## Your objective
Would you transcribe the whole listing exactly, minus its pictures?

## Data
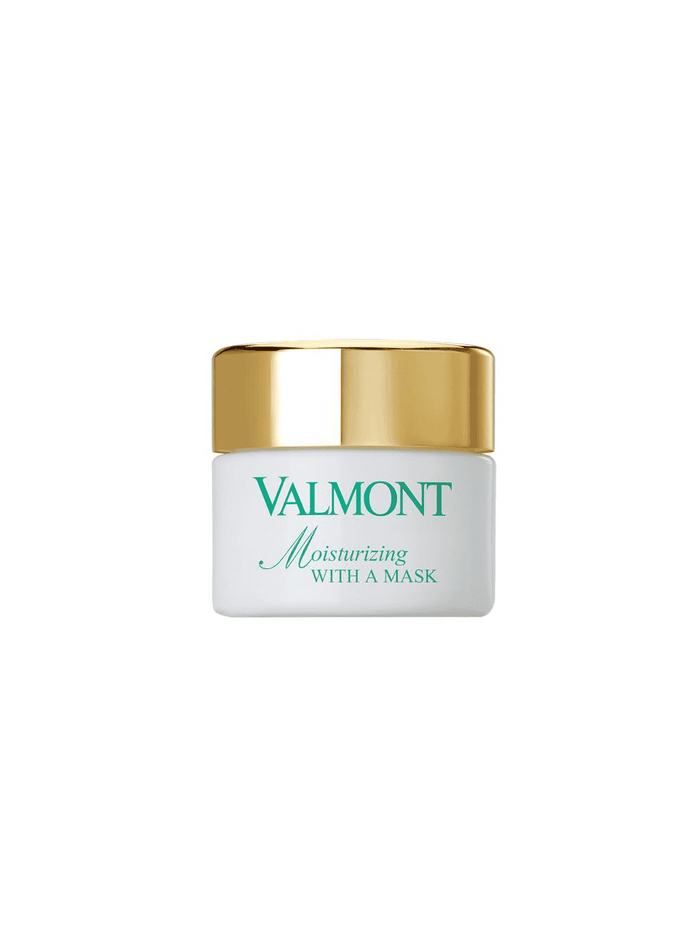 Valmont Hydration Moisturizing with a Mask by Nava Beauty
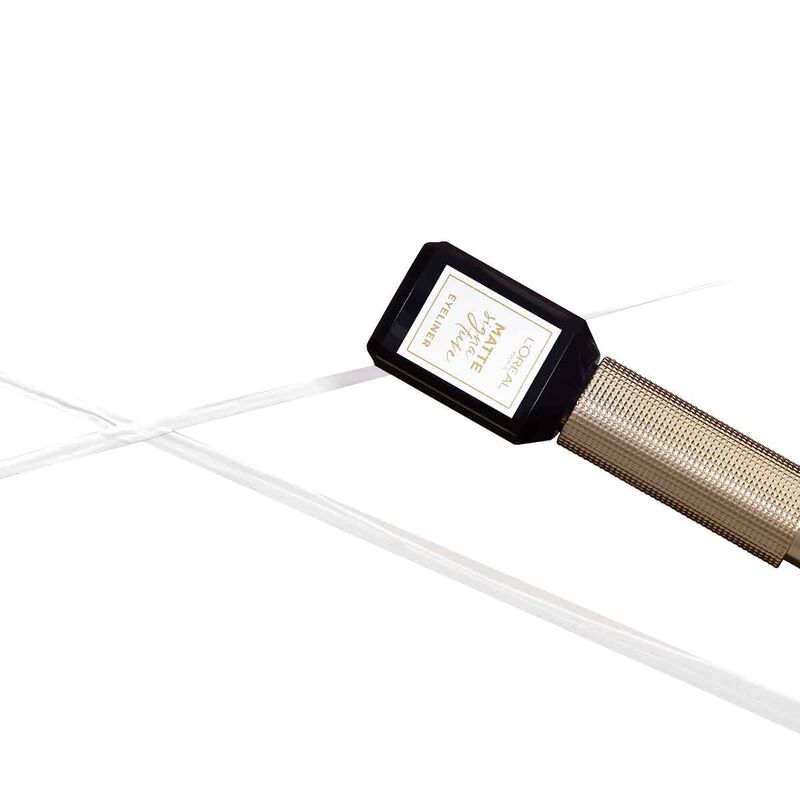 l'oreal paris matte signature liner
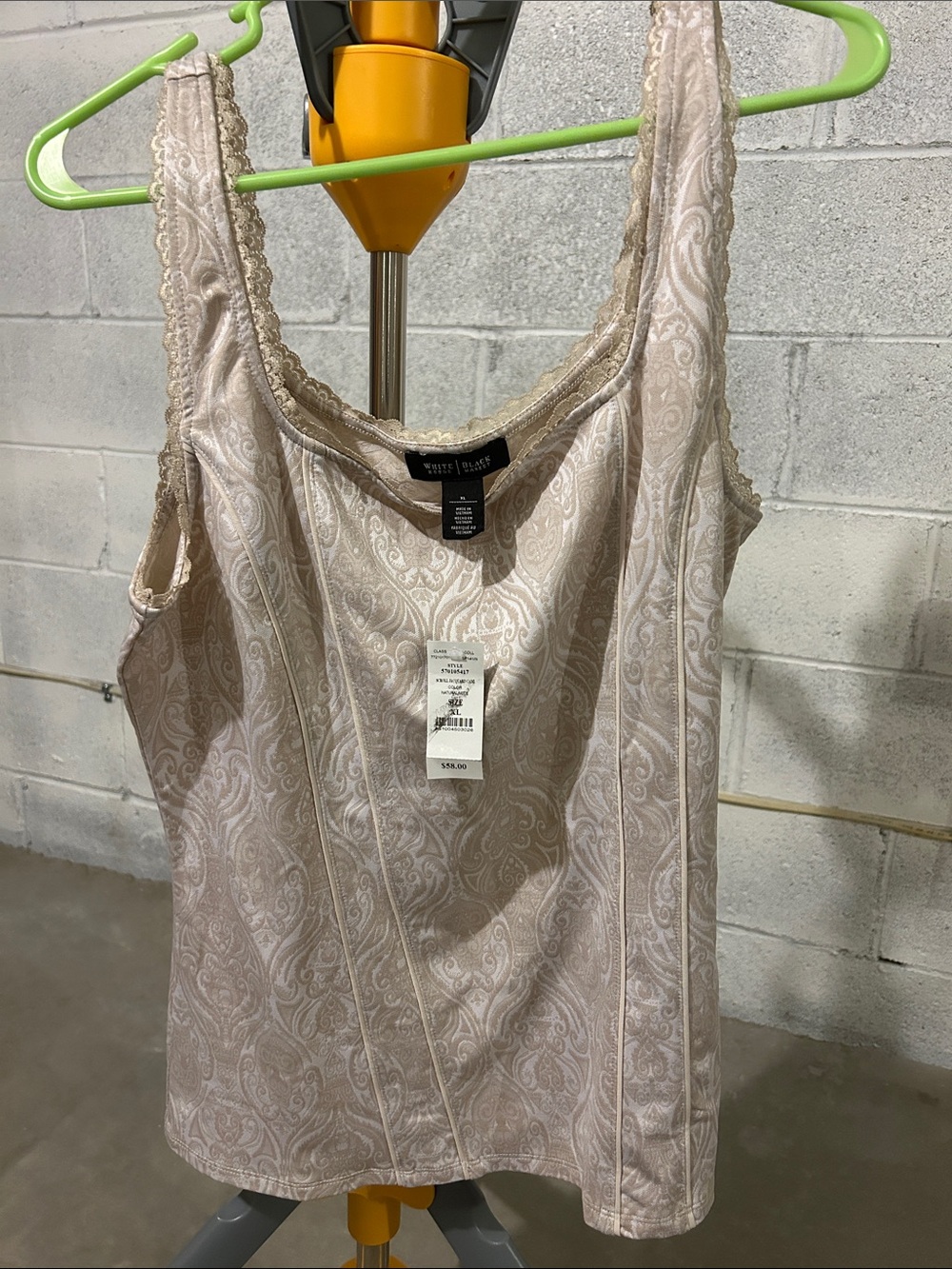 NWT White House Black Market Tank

## Exercise response
 Valmont Hydration Moisturizing with a Mask by Nava Beauty
 l'oreal paris matte signature liner
 NWT White House Black Market Tank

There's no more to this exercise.